“No safety signals were detected for ischemic stroke for primary series or monovalent boosters for Pfizer or Moderna vaccines in U.S. and global monitoring,” Shimabukuro told the Advisory Committee on Immunization Practices, a CDC advisory panel, on April 19.
Shimabukuro, who also made the false claim during a meeting in February, hasn’t responded to requests by The Epoch Times for comment.
A CDC spokesperson previously doubled down on the claim, saying Shimabukuro was correct.

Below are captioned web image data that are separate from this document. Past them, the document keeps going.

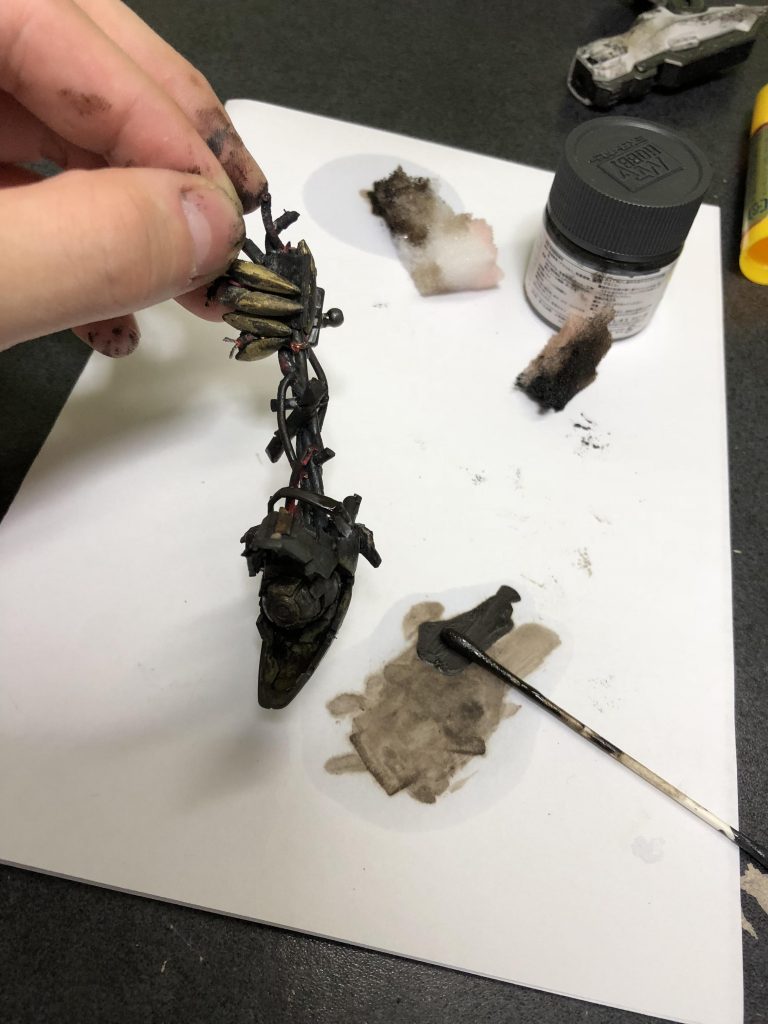 導線を使ってグレイズの首を再現し、バルバトスの指は全て切断した後に掴んでいるかのようにくっつけました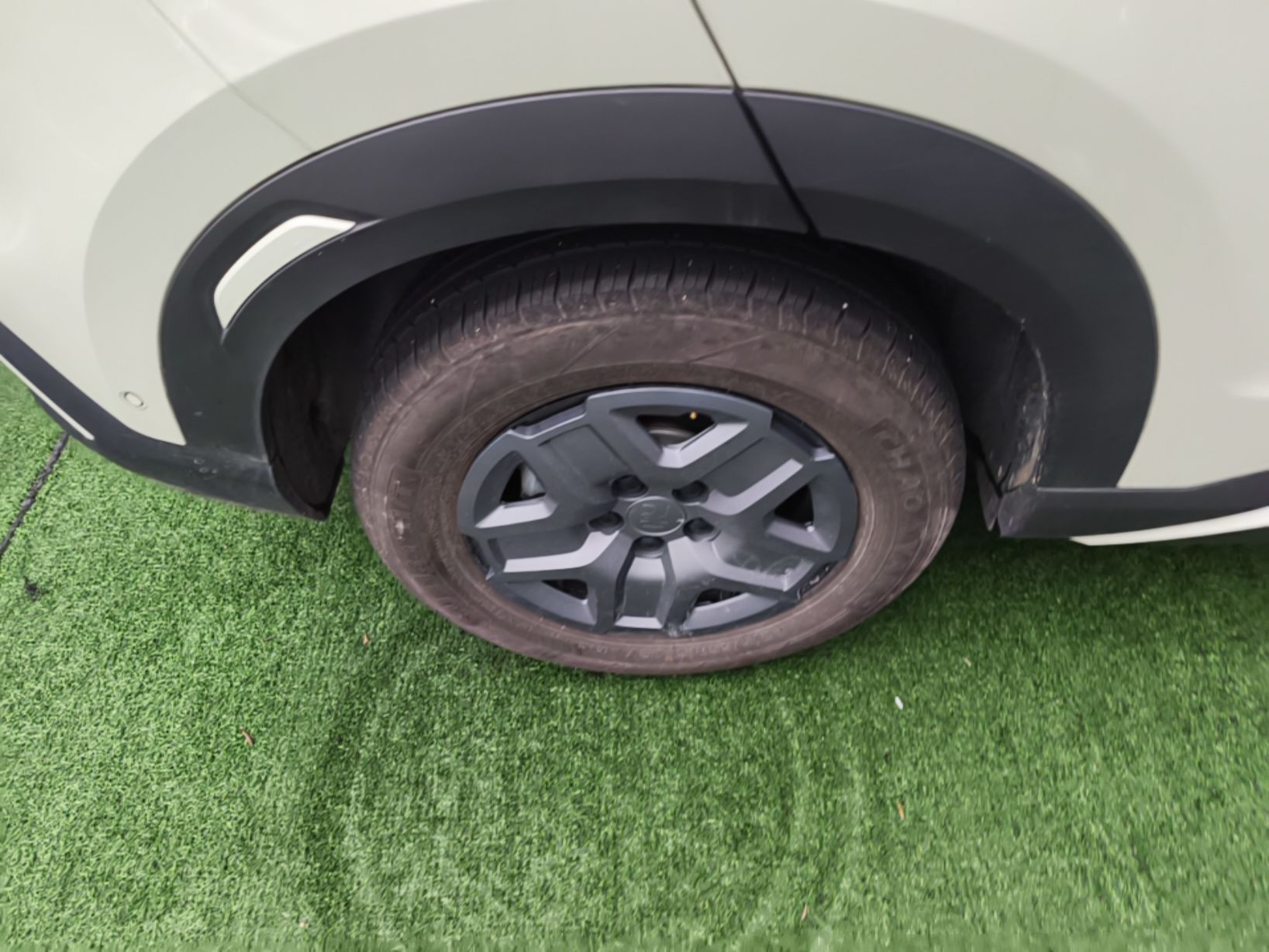 BYD Yuan UP 2025 Intelligent Driving Version 401 KM Dynamic Edition — снимка 11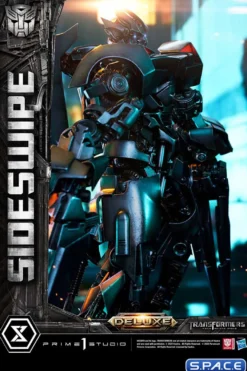 Sideswipe Deluxe Museum Masterline Statue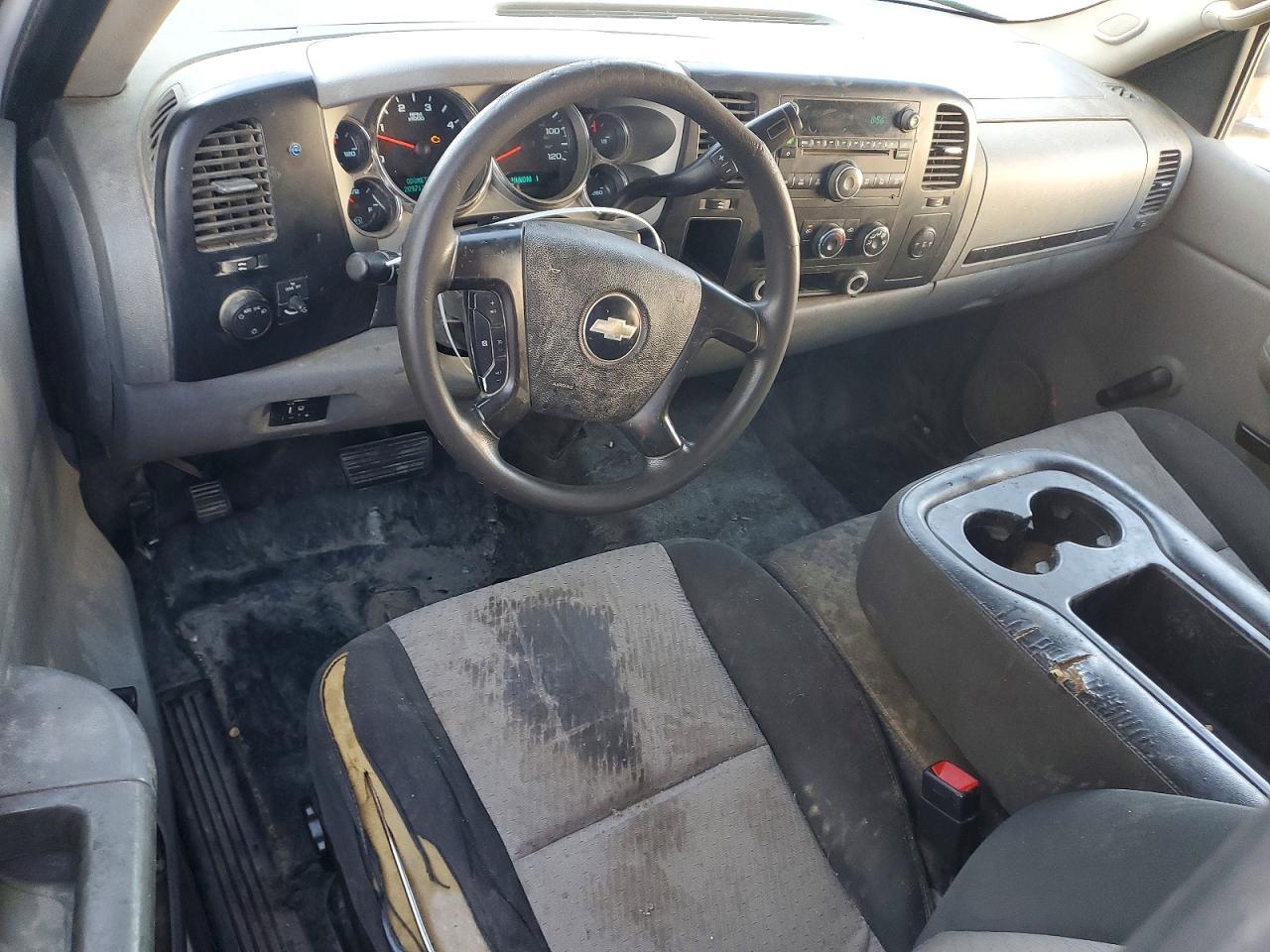 2008 Chev Rolet Silverado Flatbed Truck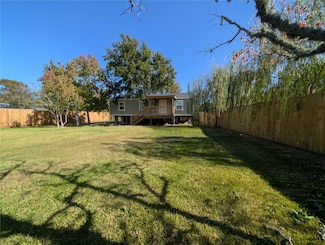 1019 12th St, San Leon, TX 77539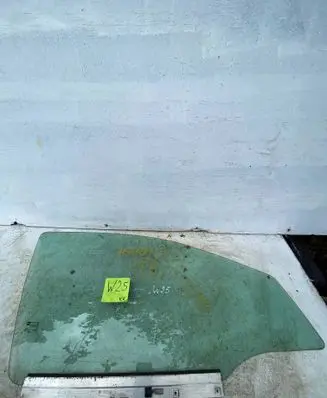 Opel Astra H Front door window glass four-door AS2M3240DOT682 E000199 43R001582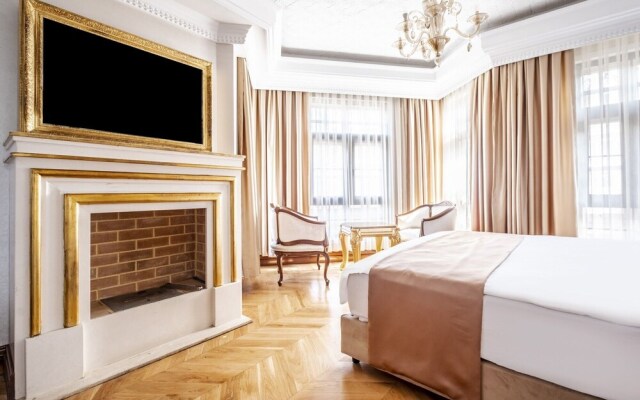 Superb Studio in Historic Mansion in Beylerbeyi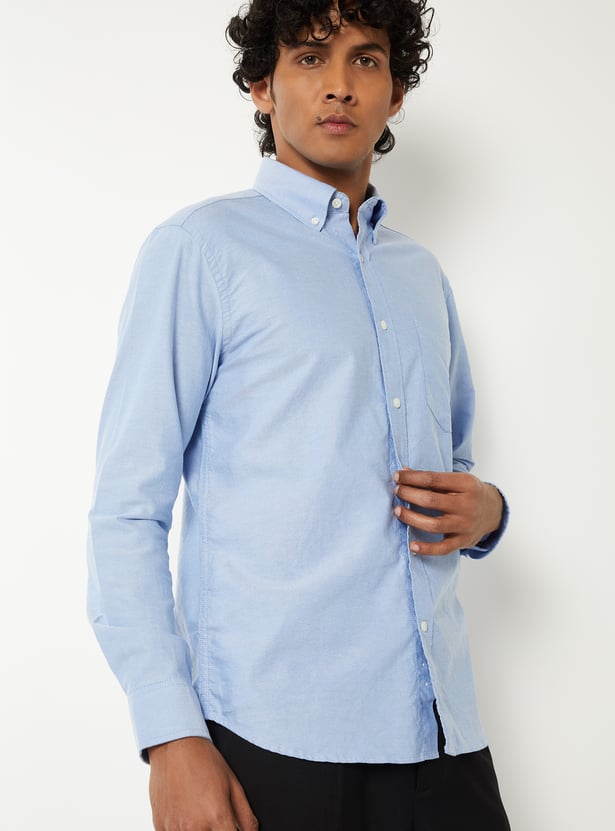 Men Solid Slim Fit Shirt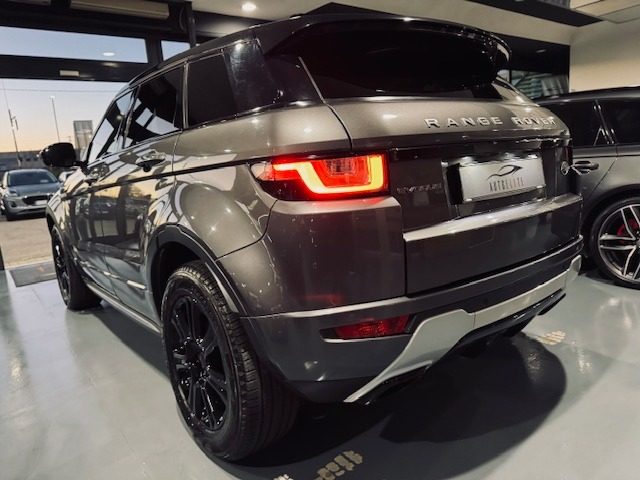 LAND ROVER RANGE ROVER EVOQUE 2.0 150CV DYNAMIC BLACK PACK* SU - foto 4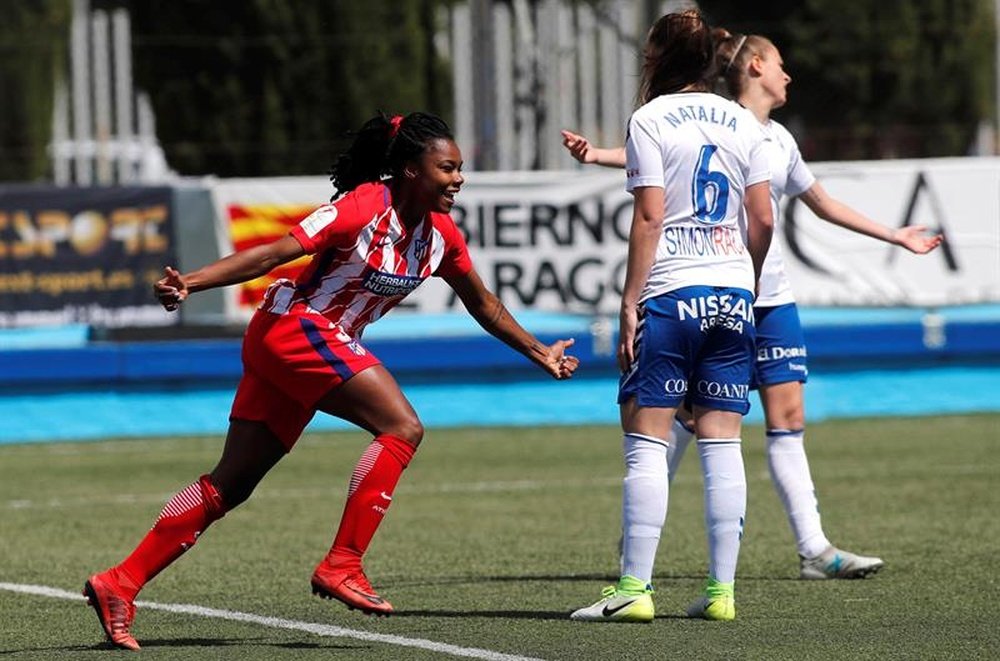 Ascensos arbitrales en el fútbol femenino. EFE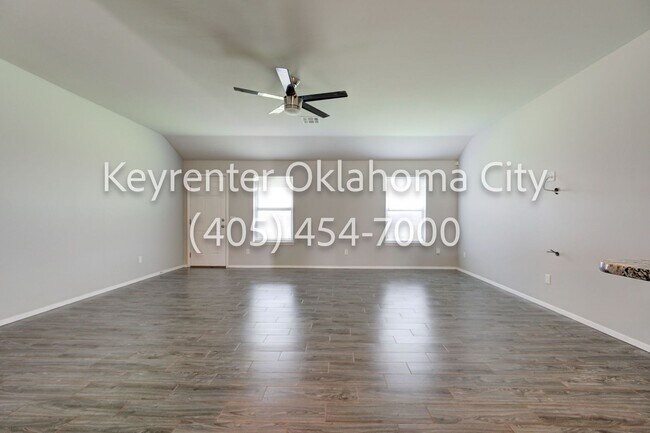 Building Photo - Modern Single Family Home in El Reno, OK!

Ischemic stroke happens when the brain fails to get enough blood, according to the Mayo Clinic. It causes brain cells to die within minutes and often leads to death.
The CDC identified tinnitus as a safety signal in its analysis of possible signals in data from the Vaccine Adverse Event Reporting System (VAERS), according to the files obtained by The Epoch Times.
Bert Kelly, a CDC spokesman, told The Epoch Times in an email: “To date, we have no data to support tinnitus and its link to COVID-19 infection or vaccination.”
After becoming aware of reports made to the adverse event system of tinnitus after COVID-19 vaccination, the CDC analyzed data from a different surveillance system called the Vaccine Safety Datalink. CDC researchers didn’t identify any “clustering of tinnitus diagnoses” in the datalink system in the 70 days after COVID-19 vaccination, according to Kelly.
He didn’t make the data available.
Barbara Loe Fisher, co-founder and president of the National Vaccine Information Center, noted that there have been more than 24,000 reports of tinnitus submitted to VAERS after COVID-19 vaccination.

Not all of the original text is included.